A campaign has been launched locally calling on the Museum of Free Derry to get the names of security, RUC and army personnel, who lost their lives from 1969 to 1972 in Londonderry removed from the installation, which also features the names of civilians killed during the same period.
A petition with 1,000 signatures was handed into the museum this week, while a protest outside the recently revamped Glenfada Park facility was expected to take place today.
Those at the helm of the campaign include relatives of some of the civilians killed in Londonderry during the early Troubles, while other relatives have said they have no issues with the video.
Representatives from the museum have said that the installation concerned has been on display for a decade and has been seen by thousands without anyone ever raising concerns before.
Mr McMenamin, who helped to source artefacts for the museum, said it was “very sad” that people had started a campaign against a factual installation.

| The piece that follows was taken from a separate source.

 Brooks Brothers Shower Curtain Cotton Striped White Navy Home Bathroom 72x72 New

Mr McMenamin said he wanted to speak out in a personal capacity and as someone who is a supporter of the museum project. He said: “This is not on the wall at the museum to ‘commemorate’.
“It is a factual telling of what happened during the first three years during the Troubles. It doesn’t say ‘in memory of people’.

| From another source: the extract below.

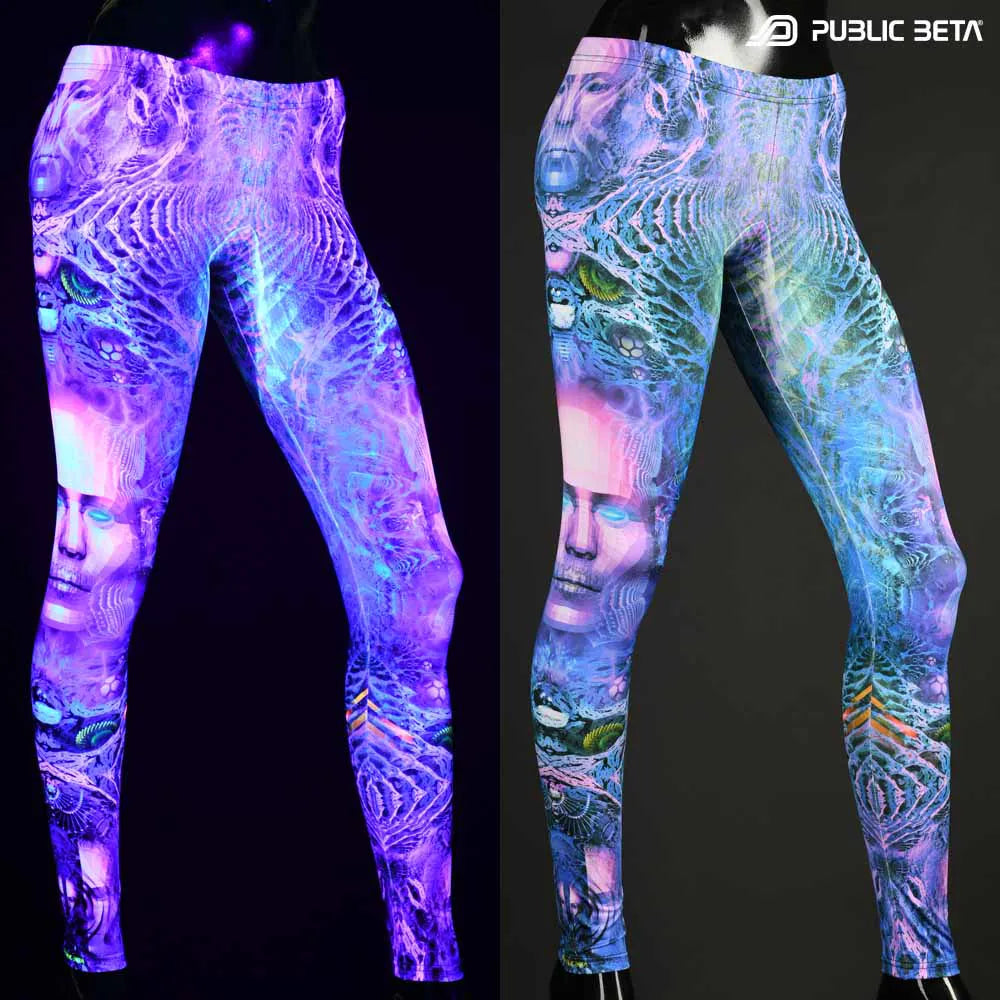 Uv reactive psychedelic art printed leggings shown in natural light and glowing under blacklight split image view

“Personally, I can’t believe people are actually making an issue out of this. Anybody who has a problem with this should come in and see it for themselves and they might ask themselves, ‘why are they making an issue about this? There is nothing in that film that I would be offended by.
“People from all walks of life would come in and visit the Museum of Free Derry from all around the world. Does that mean others who had people killed can turn around and say they were offended because members of the IRA were mentioned in it too and does that mean that their names should be removed?”
Mr McMenamin said he came from a republican, but “open-minded” family and had had relatives incarcerated during the ‘Troubles.’
He said his own parents “went through hell” with their home getting raided repeatedly during the conflict.
“I myself would have been constantly harassed by the army and especially the RUC,” he said.
“I would have been a victim of torture. I was ‘lifted’ quite a few times and even though I was never in anything, I was battered, kicked around, for hours made to stand up, slapped around, spat upon. I’ve actually been diagnosed with Post Traumatic Stress from the ‘Troubles.’
“I could look back and feel bitter about that, but I have let go of that part of my past. This is not something I want to be talking about but I feel as a human being, somebody who is glad we have peace and who has moved on, I had to speak out. I haven’t forgotten what happened and I still have issues with it, but thank God I can say I don’t have any hatred or bitterness against the people that hounded me and my family for years.
“I know people are entitled to their point of view but they need to sit down and rethink. Nobody is looking for people to forget the past and let go.”
Mr McMenamin also pointed towards anthologies of those killed during the Troubles and published in the North, stating this was a factual statement of what happened just like the video recording at the Museum.